**DATA PROVIDED**

========

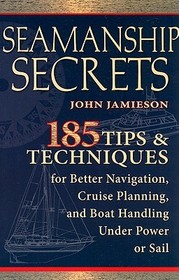 Seamanship Secrets: 185 Tips & Techniques for Better Navigation, Cruise Planning, and Boat Handling Under Power or Sail Seamanship Secrets: 185 Tips & Techniques for Better Navigation, Cruise Planning, and Boat Handling Under Power or Sail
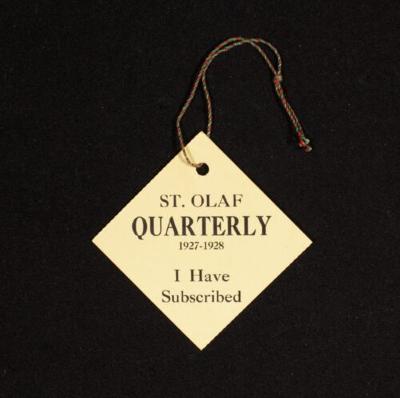 St. Olaf Quarterly "I Have Subscribed" tag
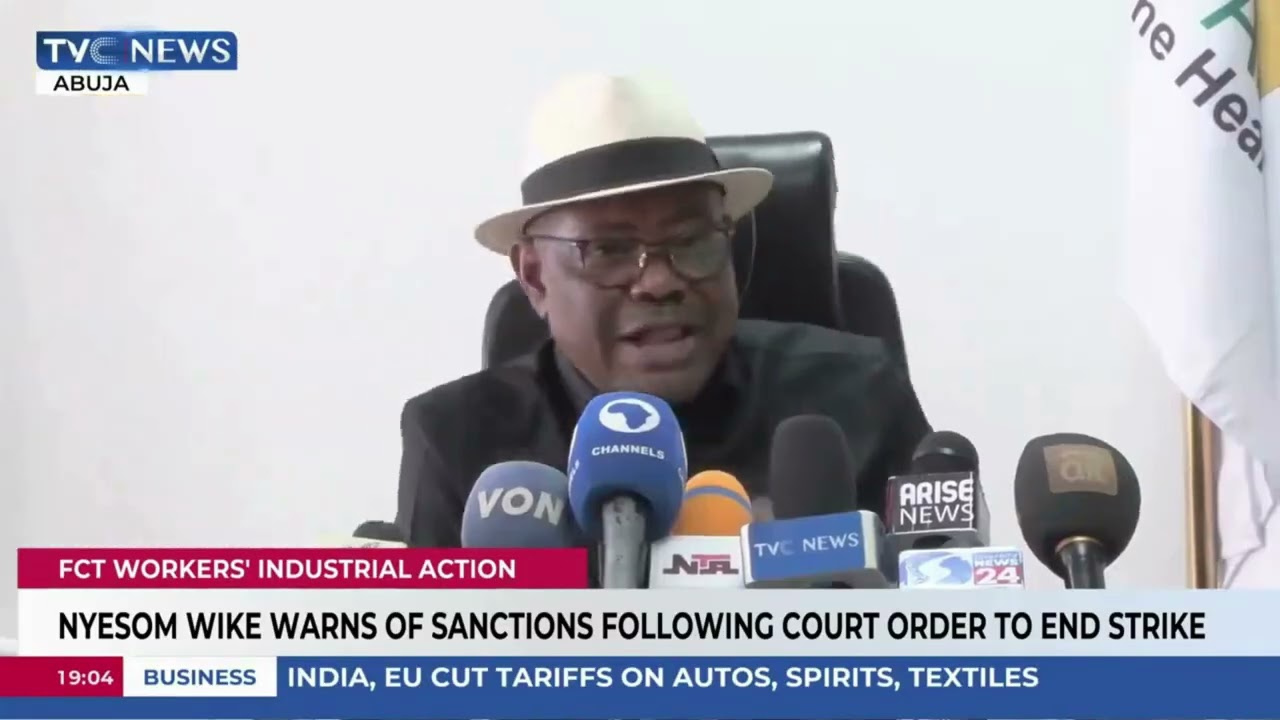 Nyesom Wike Warns Of Sanctions Following Court Order To End Strike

========

**WHAT THE EXERCISE ASKS**
Every line of the data above should be quoted exactly. Omit the pictures.

**SOLUTION BELOW**
 Seamanship Secrets: 185 Tips & Techniques for Better Navigation, Cruise Planning, and Boat Handling Under Power or Sail Seamanship Secrets: 185 Tips & Techniques for Better Navigation, Cruise Planning, and Boat Handling Under Power or Sail
 St. Olaf Quarterly "I Have Subscribed" tag
 Nyesom Wike Warns Of Sanctions Following Court Order To End Strike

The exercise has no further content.